🤖 AI Summary
Large language models (LLMs) rely on static pattern matching for complex reasoning and lack the ability to dynamically select optimal cognitive strategies, resulting in limited cross-task adaptability. To address this, we propose a test-time scalable meta-reasoning framework that—novelty—integrates Upper Confidence Bound (UCB) multi-armed bandit selection with genetic algorithm–driven evolution, enabling adaptive generation, evaluation, and refinement of task-specific reasoning strategies during inference.
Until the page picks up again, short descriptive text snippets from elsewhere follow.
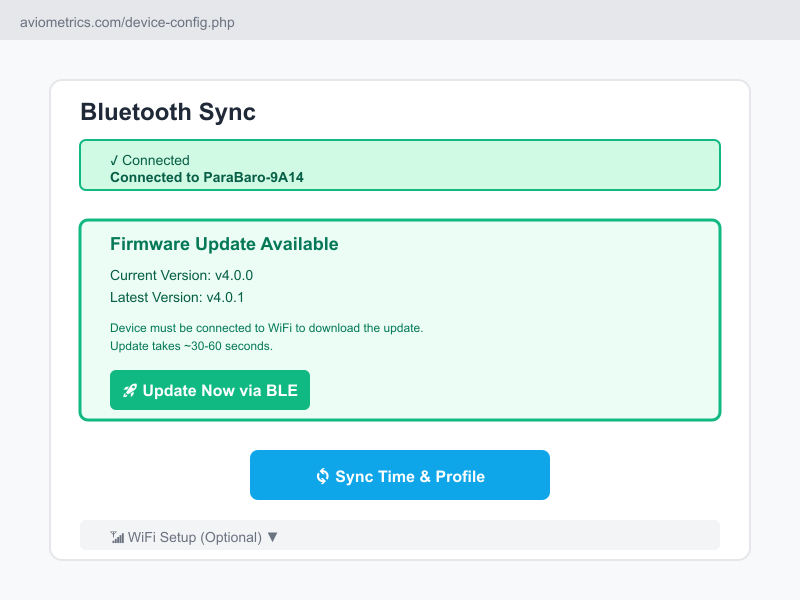 Firmware Update Available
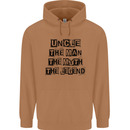 Uncle the Man the Myth the Legend Mens 80% Cotton Hoodie Caramel Latte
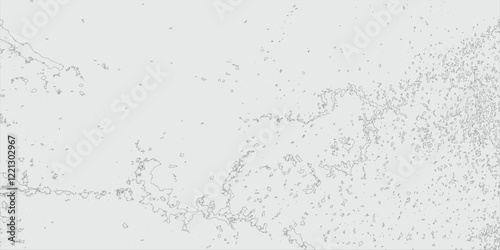 White and gray Grunge Concrete Wall Texture Background Rough texture backdrop of concrete, cement, gravel. Vector for banner and business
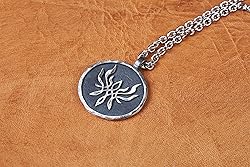 Baldur Jewelry - Fire Emblem Crest of Flames Symbol
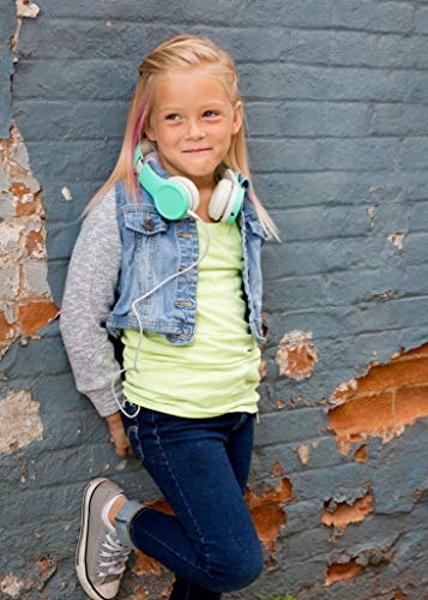 Puro Sound Labs PuroBasic Volume Limiting Wired Headphones for Kids, Foldable & Adjustable w/Microphone, Compatible with Smartphones, Tablets and PC’s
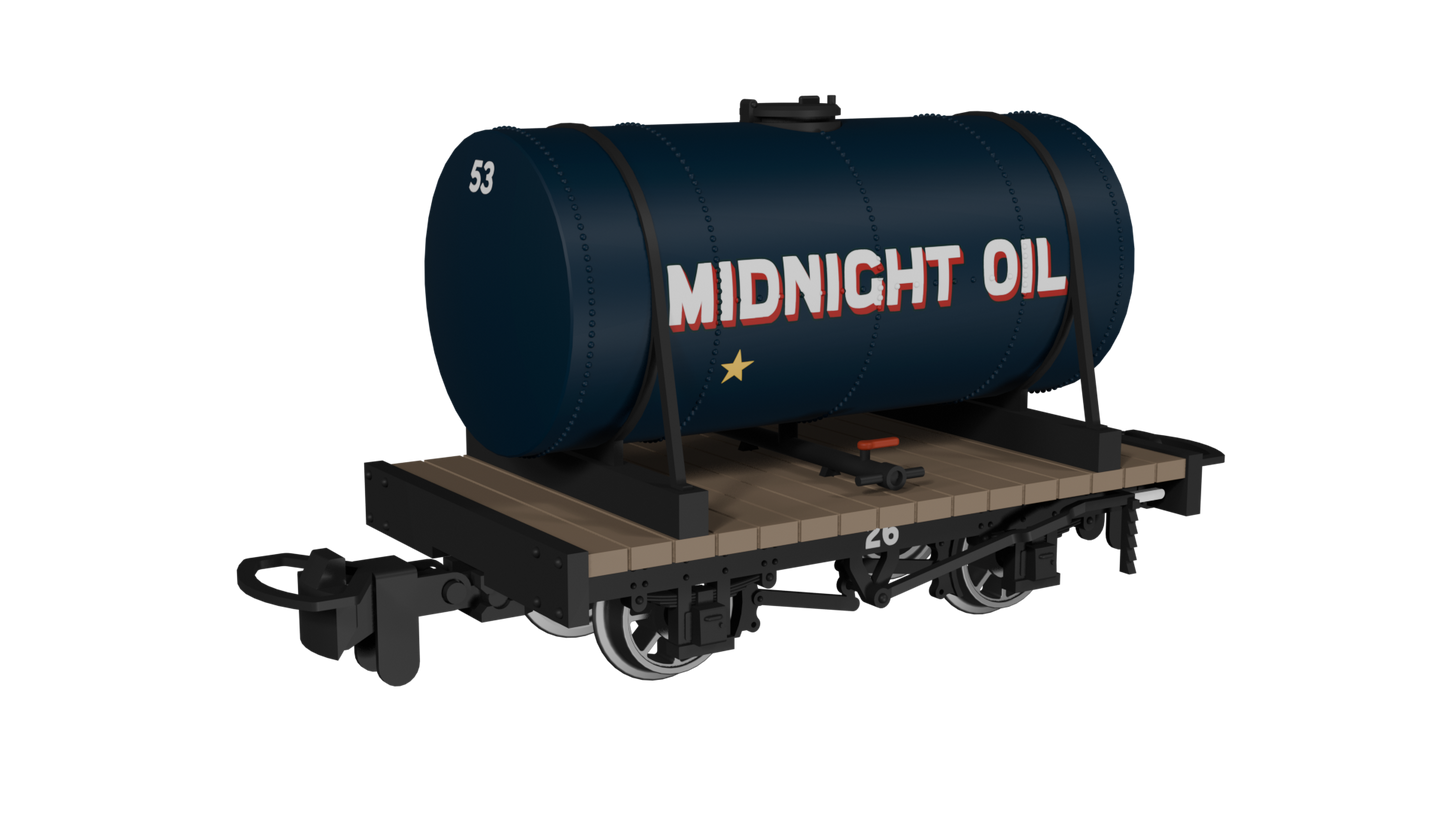 Rapido 990107 Cylindrical Tank, Midnight Oil No.53, OO9 Gauge *PRE ORDER £25.16*
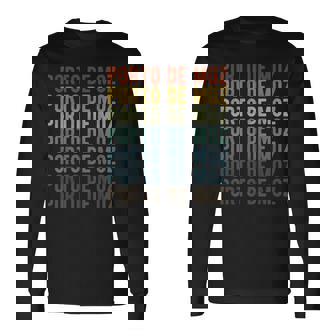 ポルト・デ・モズ シティ ブラジル レトロ 長袖Tシャツ - Kawaiitshirt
The framework synergistically combines reward modeling, test-time scaling, and meta-reasoning representations to support online strategy self-growth and cross-task generalization. Evaluated on the Arena-Hard benchmark, our method boosts GPT-4o’s win rate by 11%, substantially outperforming o1-mini (+0.9% under controlled stylistic constraints), while also improving response structuring and elevating reasoning quality to expert-level standards.
📝 Abstract
One critical challenge for large language models (LLMs) for making complex reasoning is their reliance on matching reasoning patterns from training data, instead of proactively selecting the most appropriate cognitive strategy to solve a given task. Existing approaches impose fixed cognitive structures that enhance performance in specific tasks but lack adaptability across diverse scenarios. To address this limitation, we introduce METASCALE, a test-time scaling framework based on meta-thoughts -- adaptive thinking strategies tailored to each task. METASCALE initializes a pool of candidate meta-thoughts, then iteratively selects and evaluates them using a multi-armed bandit algorithm with upper confidence bound selection, guided by a reward model. To further enhance adaptability, a genetic algorithm evolves high-reward meta-thoughts, refining and extending the strategy pool over time. By dynamically proposing and optimizing meta-thoughts at inference time, METASCALE improves both accuracy and generalization across a wide range of tasks. Experimental results demonstrate that MetaScale consistently outperforms standard inference approaches, achieving an 11% performance gain in win rate on Arena-Hard for GPT-4o, surpassing o1-mini by 0.9% under style control. Notably, METASCALE scales more effectively with increasing sampling budgets and produces more structured, expert-level responses.